**Problem details**. Each line of the records must appear in your answer exactly, with no pictures.

Segment Start: Given data

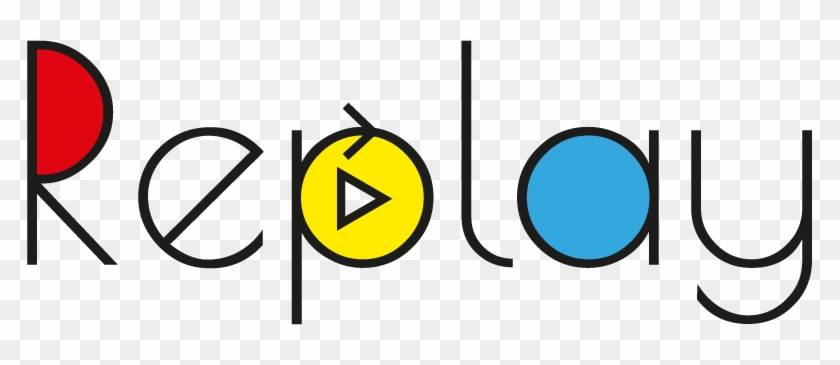 Replay It Your Way - Logo #471195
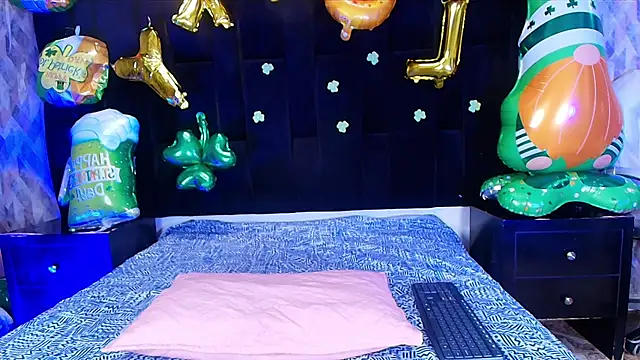 shelsyloreds online show from March 2025 11:55:01 AM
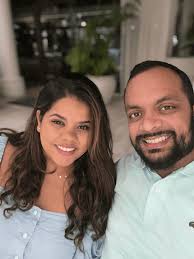 Laraib and Nick's Wedding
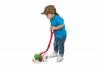 Каталка музыкальная Chicco *Собака Шерлок* - 07417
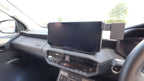 Brodit ProClip voor Toyota HiLux 2027 | 656316 - productfoto 4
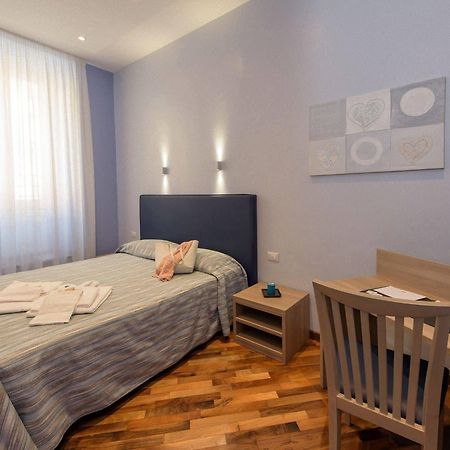 La Grande Bellezza Guest House Róma Kültér fotó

Segment End: Given data

**Written solution**.
 Replay It Your Way - Logo #471195
 shelsyloreds online show from March 2025 11:55:01 AM
 Laraib and Nick's Wedding
 Каталка музыкальная Chicco *Собака Шерлок* - 07417
 Brodit ProClip voor Toyota HiLux 2027 | 656316 - productfoto 4
 La Grande Bellezza Guest House Róma Kültér fotó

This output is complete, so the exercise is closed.